A native specification (such as a classic GRAM RSL, or WS-GRAM RSL) can be passed to the provider using the *nativespec argument.
If the exit code of the job is not 0, the job is considered failed and execute will in turn fail. However some providers (notably GT2) provide no means of retrieving the job exit code. With such providers execute will always succeed no matter what the exit code of the job is.
task:transfer
task:transfer(*srcfile, *srcdir, *srchost, *destfile, *destdir, *desthost, *provider, *srcprovider, *destprovider, *thirdparty, *srcOffset, *length, *destOffset, *tcpBufferSize)
Transfers a file. The file can be transfered between the local machine and a remote machine, or between two remote machines. The name of the source file is specified by the *srcfile argument. If present, *destfile specifies the name of the target file, otherwise the source file name is used.
The *srcdir argument indicates the directory on the source machine where the source file can be found. If the *srcdir argument is missing, the default directory will be assumed (provider dependent).
The *destdir argument indicates the directory on the target machine where the file will be copied. If the *destdir argument is missing, the default directory will be assumed (provider dependent).
*Srchost and *desthost indicate the source and the target machines respectively, while the *provider argument can be used to force the scheduler to use a specific provider, or in the event a scheduler is not used. If the source and the destination use distinct providers, the *srcprovider and *destprovider arguments can be used.
The *thirdparty can be used to indicate that a direct transfer between two machines, none of which are the local host, is requested. At this time, only GridFTP supports third party transfers. By default, the Java CoG Kit Abstractions will use simulated third party transfers (routed through the local host) even if both the source and destination are different from the local host.
Partial transfers can be achieved using *srcOffset, *length, and *destOffset. Currently these are only supported with GridFTP 3rd party transfers.
The *tcpBufferSize can be used to set the buffer size used by TCP/IP connections initiated by the transfers for providers that support it. Currently this feature only works with 3rd party GridFTP transfers.
task:transferParams
task:transferParams(srchost, desthost, provider)
Can be used to load TCP buffer size information from a file and pass the parameters to transfer. The file containing the buffer size information is located in the etc directory and is named bdp.conf. It has the same format as the identically named file used by TGCP
Example:
transfer( srcfile="file.txt" srcdir="/home/me"transferParames( srchost="tg-gridftp.uc.teragrid.org" desthost="tg-gridftp.sdsc.teragrid.org" provider="gsiftp" ) )
task:file:list
task:file:list(dir, *host, *provider)
Returns a list of files in a directory specified by dir, on the *host machine.
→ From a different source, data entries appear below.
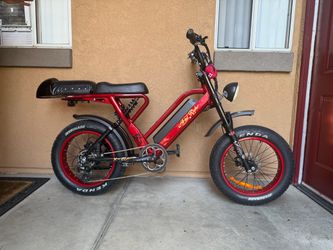 Electric Bike Ariel Rider (this bike is fast, 38 mph) (CASH ONLY)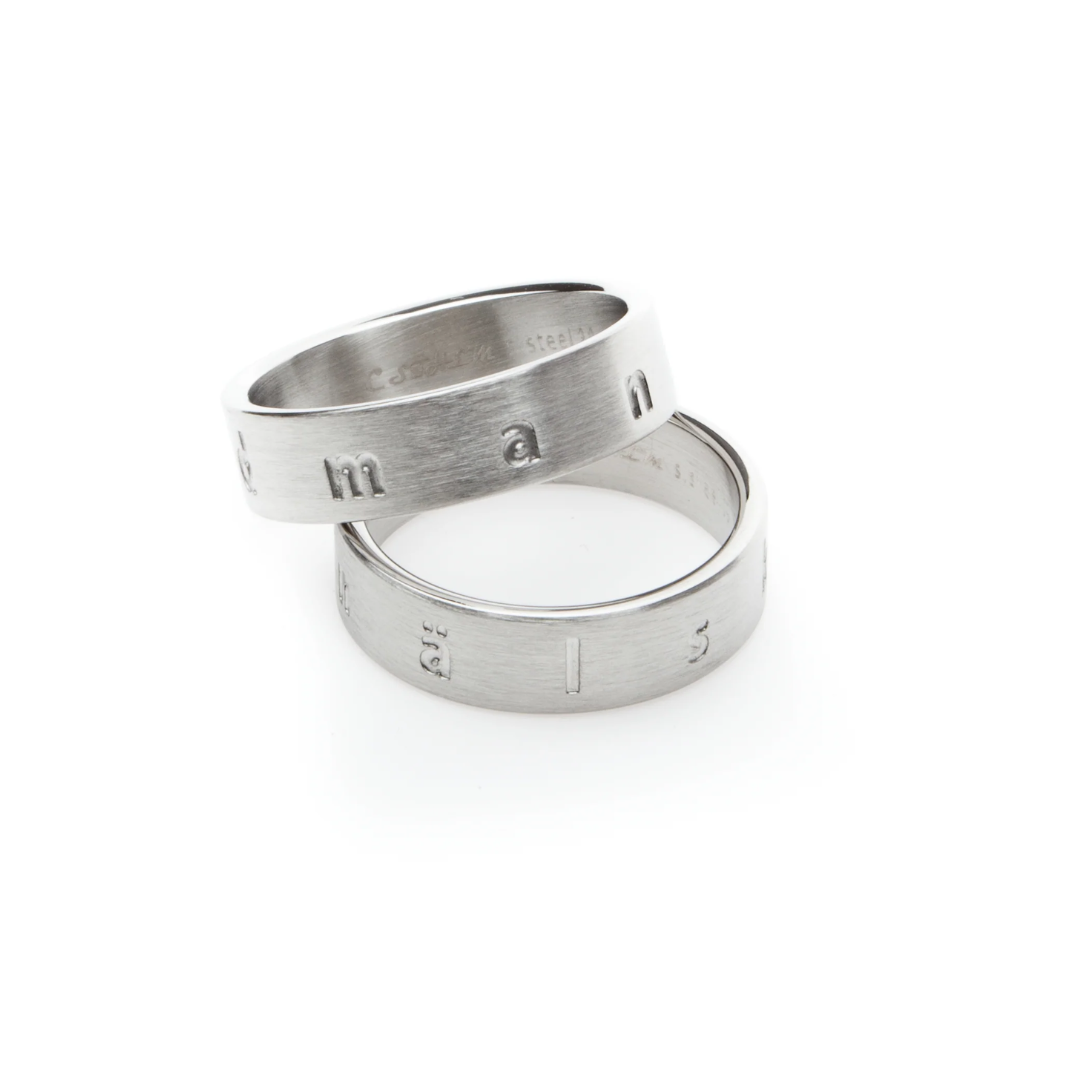 Small ring med gravyren "älskad man"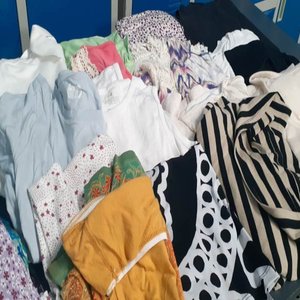 Lote anterior: Lote de 30 Prendas Varias: Remeras y Musculosas sin Marca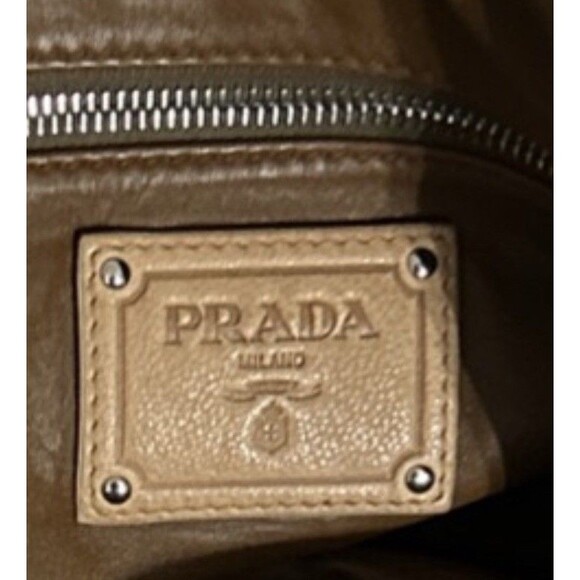 Prada Genuine Leather Shoulder/Handbag In Camel Zip Closure With Lock Luxury - Picture 4 of 16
The *provider argument can be used to select a specific provider for the operation. *Provider defaults to the local provider.
task:file:remove
task:file:remove(name, *host, *provider)
Removes a file specified by name, on the *host machine. The *provider argument can be used to select a specific provider for the operation. *Provider defaults to the local provider.
task:file:exists
task:file:exists(name, *host, *provider)
Returns true if the file specified by name exists on the *host machine. The *provider argument can be used to select a specific provider for the operation. *Provider defaults to the local provider.
task:dir:make
task:dir:make(name, *host, *provider)
Creates a directory specified by name, on the *host machine. The *provider argument can be used to select a specific provider for the operation. *Provider defaults to the local provider.
task:dir:remove
task:dir:remove(name, *host, *provider)
Removes an empty directory.
task:file:isDirectory
task:file:isDirectory(name, host, provider)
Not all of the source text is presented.